_Work order_
Omit the pictures and return exactly the stretch of the material below from the line with "Thumbnail photo of Frankie #4" through the line with "Mint Green T-Shirt, Color Code 22R".

_Records supplied_
-=-=-
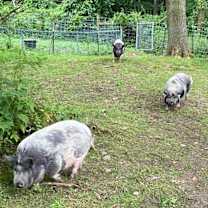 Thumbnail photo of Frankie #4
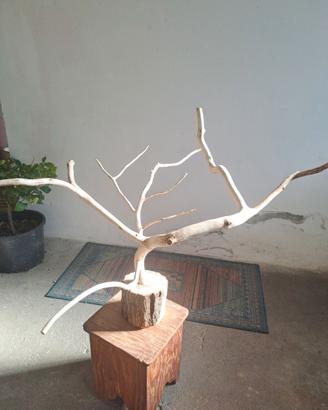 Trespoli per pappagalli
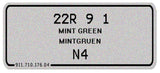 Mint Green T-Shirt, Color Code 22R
-=-=-
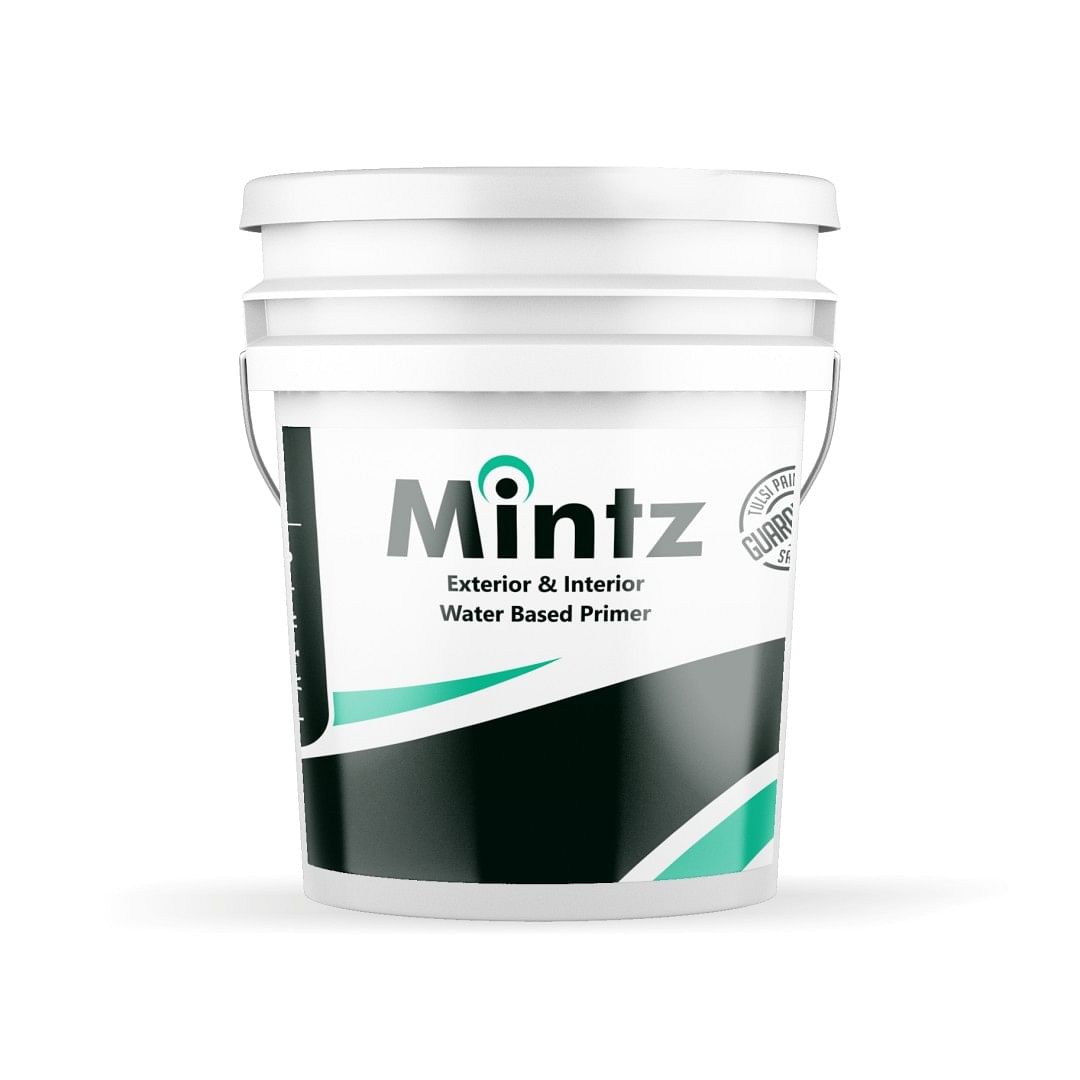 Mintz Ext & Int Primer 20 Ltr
-=-=-
_Solution to the problem_
 Thumbnail photo of Frankie #4
 Trespoli per pappagalli
 Mint Green T-Shirt, Color Code 22R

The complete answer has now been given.